Under this line is some data; print exactly the lines from the one containing "Three-star review with" through its last line, without pictures.

*** Block opens ***

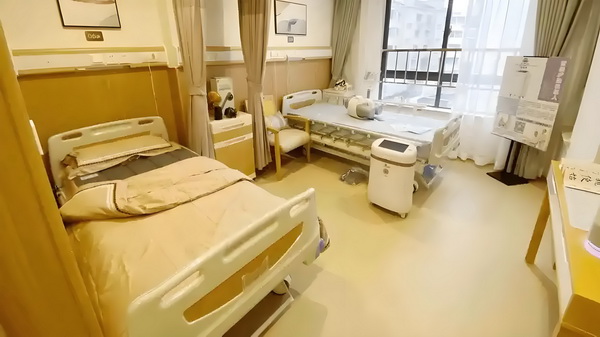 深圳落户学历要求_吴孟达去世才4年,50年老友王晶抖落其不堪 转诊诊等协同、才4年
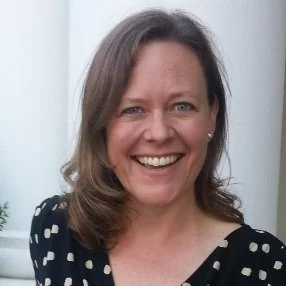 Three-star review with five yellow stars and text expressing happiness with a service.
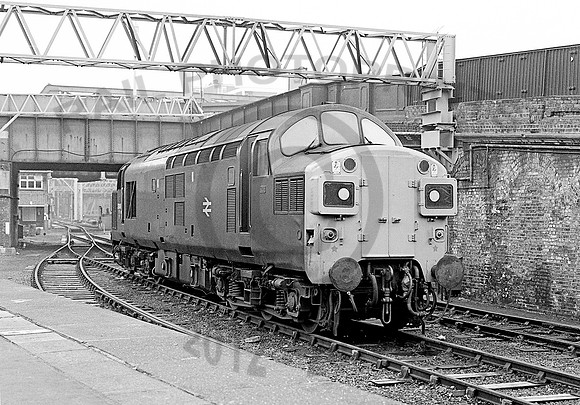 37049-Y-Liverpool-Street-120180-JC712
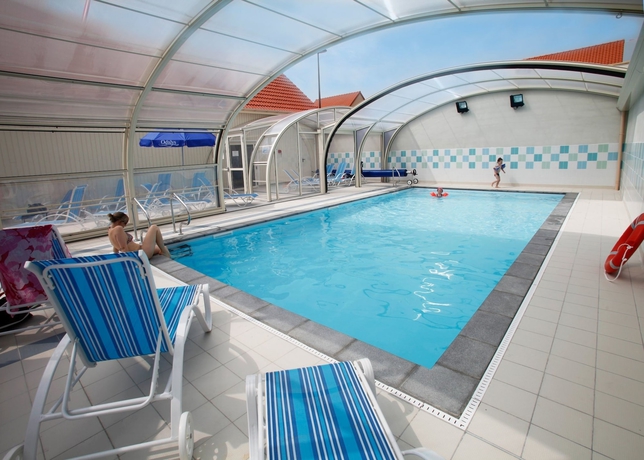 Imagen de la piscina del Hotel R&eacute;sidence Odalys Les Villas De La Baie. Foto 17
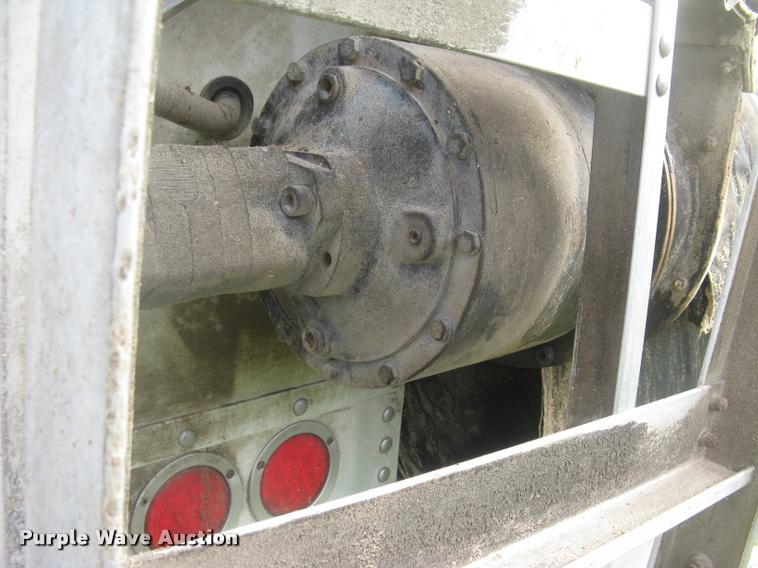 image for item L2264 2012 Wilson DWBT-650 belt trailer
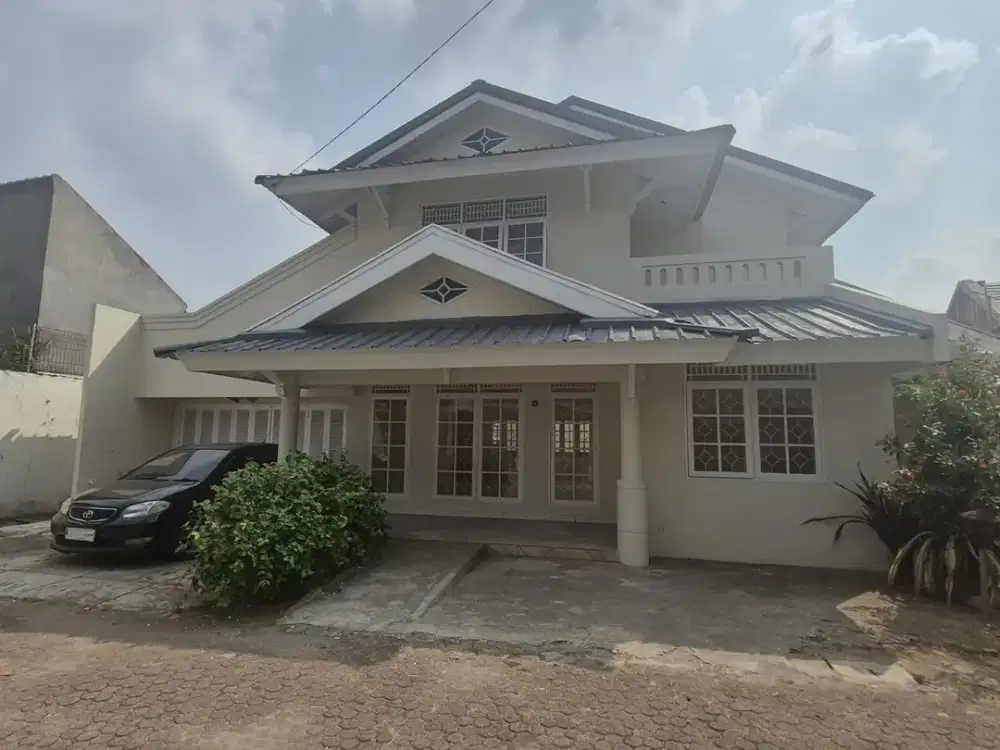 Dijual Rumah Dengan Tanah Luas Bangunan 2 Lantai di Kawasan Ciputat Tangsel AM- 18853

*** Block closes ***

▶ Solution
 Three-star review with five yellow stars and text expressing happiness with a service.
 37049-Y-Liverpool-Street-120180-JC712
 Imagen de la piscina del Hotel R&eacute;sidence Odalys Les Villas De La Baie. Foto 17
 image for item L2264 2012 Wilson DWBT-650 belt trailer
 Dijual Rumah Dengan Tanah Luas Bangunan 2 Lantai di Kawasan Ciputat Tangsel AM- 18853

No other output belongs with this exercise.